The accuracy score is now 0.9993, meaning our model is able to correctly predict 99.93% of our data. This score is super high! If we now take a look into the F-1 score, it is 99.84%, meaning both of our precision and recall are close to 1. We have achieved huge improvement in both evaluation metrics, and this improvement suggests that our adjustment to the model is effective in terms of prediction power.
Fairness Analysis
In this section, we are going to assess if our model is fair among different groups. The question we are trying to answer here is: “does my model perform worse for individuals who have monsterkills less than or equal to 100 than it does for individuals who have monster kills greater than 100?” To answer this question, we performed a permutation test and examined the result of the difference in accuracy between the two groups.
The group X represents the players who have monsterkills less than or equal to 100, and group Y represents those who have monster kills greater than 100. Our evaluation metric is accuracy, and the significance level is 0.05.

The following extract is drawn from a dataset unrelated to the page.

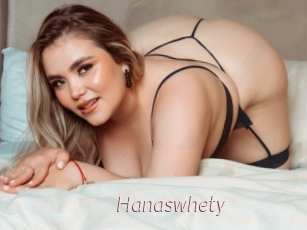 Hanaswhety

The followings are our hypothesis:
Null hypothesis: Our model is fair. Its accuracy for players who have less than or equal to 100 monsterkills is same as the accuracy for players who have greater than 100 monsterkills.
Alternative hypothesis: Our model is unfair. Its accuracy for players who have less than or equal to 100 monsterkills is NOT same as the accuracy for players who have greater than 100 monsterkills.
Test statistics: difference in accuracy between individuals who have monsterkills less than or greater than 100.
After performing the permutation test, the result p-value we got is 0.896, which is larger than the 0.05 significance level. Consequently, we fail to reject the null hypothesis. This outcome implies that our model predicts players from both groups with statistically similar accuracy levels. Consequently, our model appears to be fair, exhibiting no discernible bias towards one group over the other based on the specified criteria.